WASHINGTON — Close to 90 Democrats in Congress, including eight Jewish officials, are calling on President Joe Biden to use his lame-duck period to sanction two far-right Israeli ministers.
Both ministers have pushed for Israeli annexation of part or all of the West Bank, a policy that the incoming Donald Trump administration may support.
The letter sent Oct. 29 and made public Thursday, spearheaded by top Democrats in the U.S. House of Representatives and in the Senate, named Finance Minister Bezalel Smotrich and National Security Minister Itamar Ben-Gvir as “driving policies that promote settler violence, weaken the Palestinian Authority, facilitate de facto and de jure annexation, and destabilize the West Bank.”
Biden has sanctioned individual settlers and settler groups who are accused of violence, itself a striking statement of opposition to Israel’s West Bank policies, but has so far held back from going after cabinet officials. The letter urges the president to take that step.
“Government leaders instigating violence must be subject to U.S. sanctions,” said the letter, spearheaded by, among others, Rep. Rosa DeLauro of Connecticut, the top Democratic appropriator who, this year, received the endorsement of a PAC affiliated with the pro-Israel lobby AIPAC, and Illinois Sen. Dick Durbin, the number-two Democrat in the Senate.
“With radical officials in the Netanyahu government continuing to enable settler violence and enact annexationist policies, it is clear that further sanctions are urgently needed,” the letter signed by 88 Democrats said.

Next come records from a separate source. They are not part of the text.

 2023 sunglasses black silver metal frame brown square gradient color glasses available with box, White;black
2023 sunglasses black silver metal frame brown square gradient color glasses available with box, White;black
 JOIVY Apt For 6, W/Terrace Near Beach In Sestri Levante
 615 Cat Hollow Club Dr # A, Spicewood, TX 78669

It’s not clear whether Biden would use the lame-duck period, which lasts until President-elect Donald Trump’s Jan. 20 inauguration, to ramp up pressure on Israel. Past presidents have seized upon that span of time to push through policies that they otherwise might have abjured because of electoral consequences.

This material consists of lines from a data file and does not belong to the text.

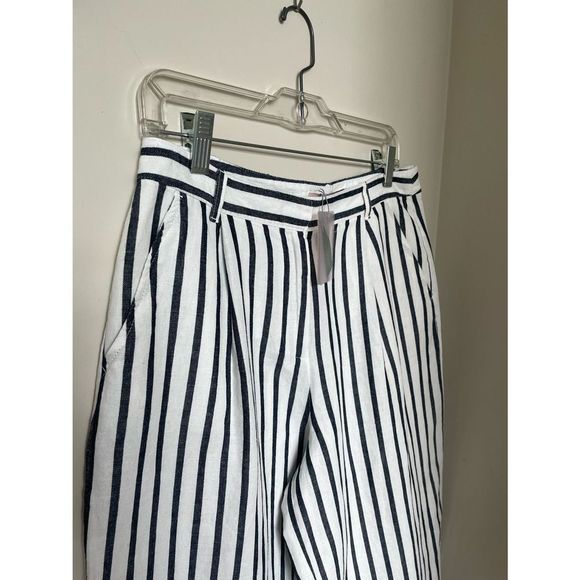 Striped Wide Legged 3/4 Length NWT - Picture 3 of 9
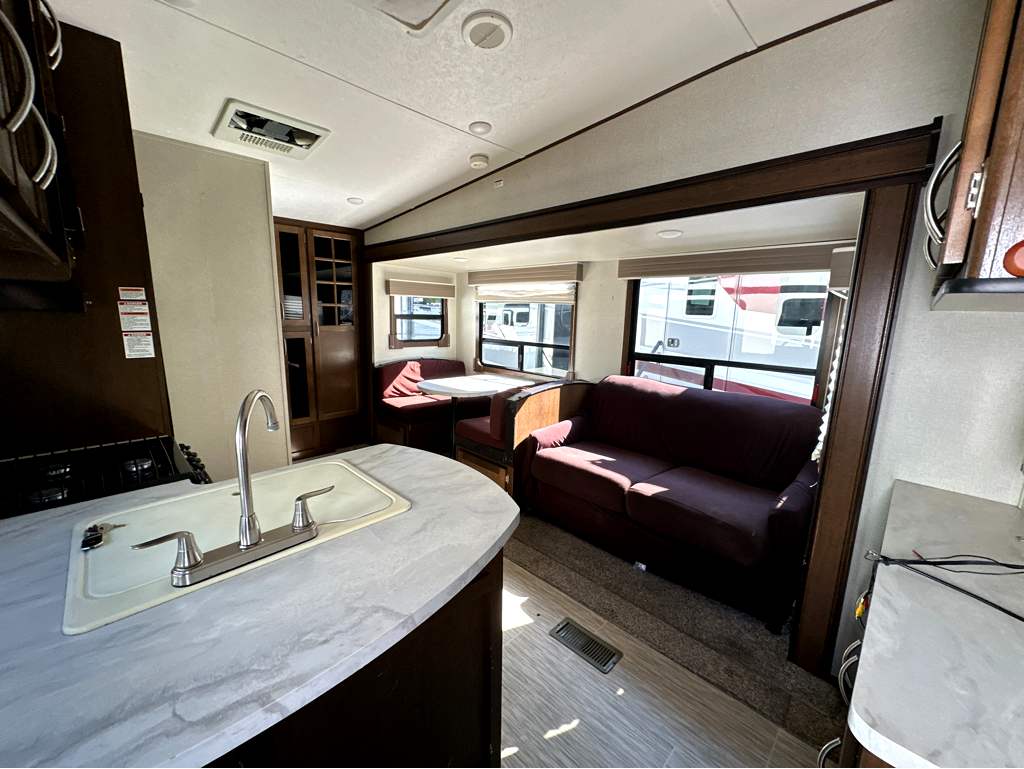 2018 PRIME TIME CRUSADER 30BH - Image 7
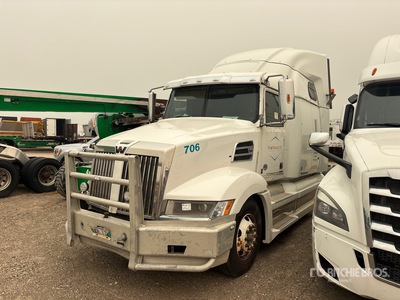 2021 Western Star W5700XE 6x4 Cabeza Tractora Cabina Dormitorio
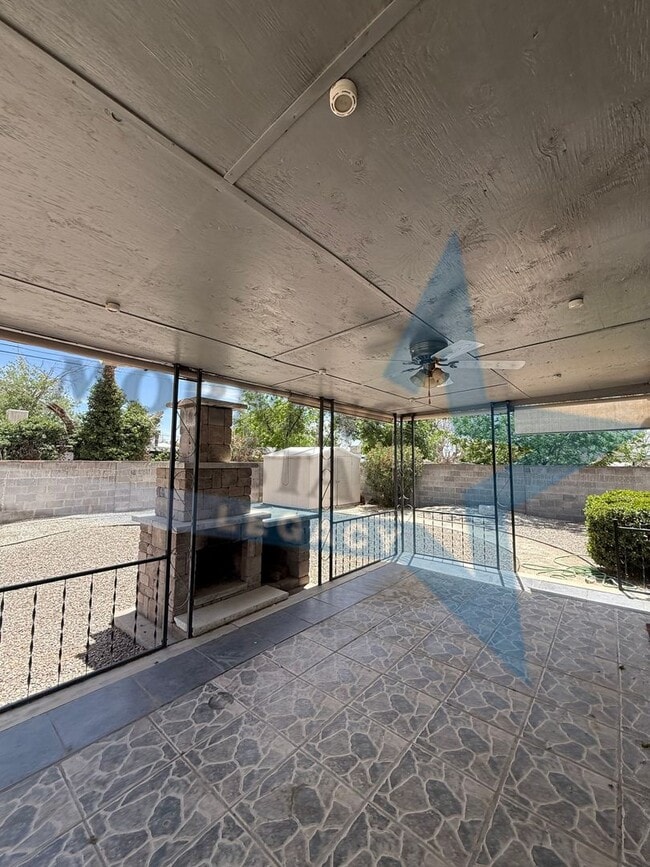 Building Photo - Cute 3-Bedroom with Large Backyard!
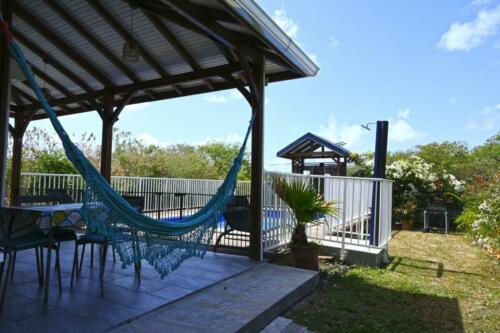 Hamac près de la piscine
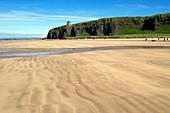 Vereinigtes Königreich, Nordirland, County Derry, am Mussendun-Tempel stürzen die 120 Fuß hohen Klippen zum Downhill Beach ab, der auch als Dragonstone bekannt ist, und wo Stannis Baratheon beobachtete, wie die Sieben Idole von Westeros verbrannten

During President Barack Obama’s lame-duck period in 2016, then-Vice President Biden sought to dissuade Obama from allowing through a United Nations Security Council resolution condemning Israel’s settlements. Biden was unsuccessful; the resolution passed.

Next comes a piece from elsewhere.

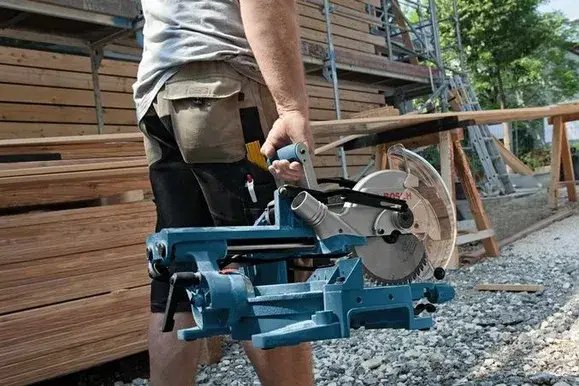ФОТО КАРТИНКИ ЗОБРАЖЕННЯ Торцювальна пила BOSCH PROFESSIONAL GCM 800 SJ : 1,4 кВт, 5500 об/хв. глибина/довжина різу 70/270 мм, диск 210-216 мм РОЗДРІБ ОПТ ГУРТ ГУРТОМ ОПТОМ! З ЄВРОПИ! ЯКІСТЬ! Купити Львів Характеристики Ціна Оплата Доставка "БОГОДАР" ІНТЕРНЕТ-МАГАЗИН Огляд Рейтинг Порівняння Як вибрати Якісний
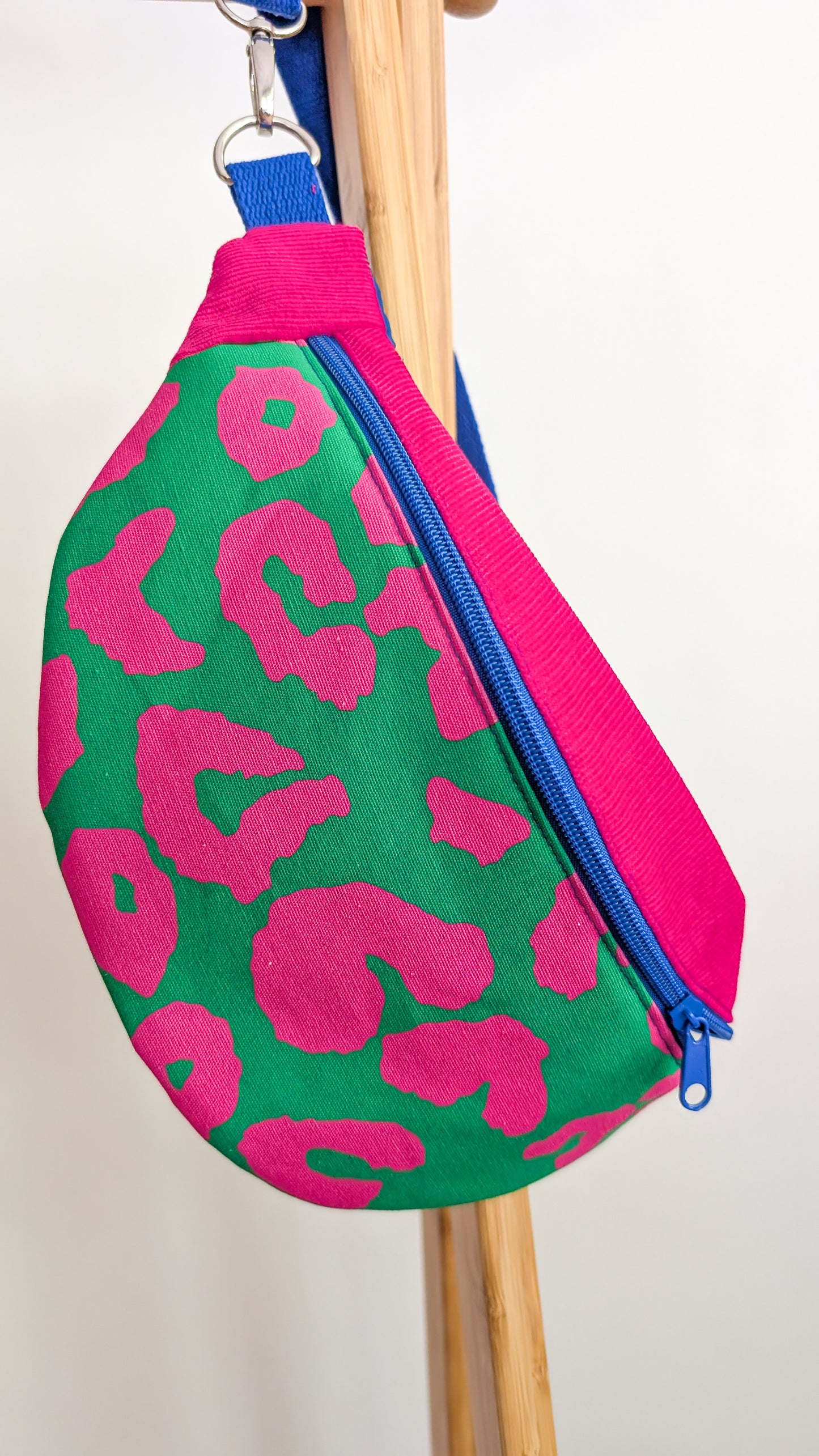 Knallbunte Bauchtasche Leopard Pink/Orange/Grün/Blau – Festival Hip Bag Dopamine Dressing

If Biden did sanction Ben-Gvir and Smotrich, Trump would be able to rescind the sanctions as soon as he assumes office, but sanctioning the ministers even for two months would attach to them the stigma of being banned from entering the United States for a short period.
It would also be a shot across the bow by Democrats against any attempt by Prime Minister Benjamin Netanyahu to seize Trump’s presidency as an opportunity to take steps no Democratic president would encourage. Smotrich, expressly noting Trump’s election, is already advancing plans for annexation. Mike Huckabee, whom Trump has chosen to be the ambassador to Israel, also supports annexation.
In addition, the letter noted that Ben-Gvir has sought to provide firearms to individual settlers and that under his watch, police have failed to stop right-wing groups from obstructing aid to Palestinian civilians in Gaza besieged by Israel’s war with Hamas.
Of Smotrich, the letter said: “As a key leader of the settler movement he has also used toxic and inciting rhetoric in public and private, shielded instigators in the West Bank from accountability, called for a Palestinian town to be ‘wiped out,’ and repeatedly voiced his public support for annexing the West Bank.”
The Jewish lawmakers signing onto the letter include Reps. Becca Balint of Vermont; Jerry Nadler of New York; Steve Cohen of Tennessee; Jamie Raskin of Maryland; Seth Magaziner of Rhode Island; Jan Schakowsky of Illinois; and Sara Jacobs of California; in addition, Sens. Bernie Sanders of Vermont and Brian Schatz of Hawaii signed.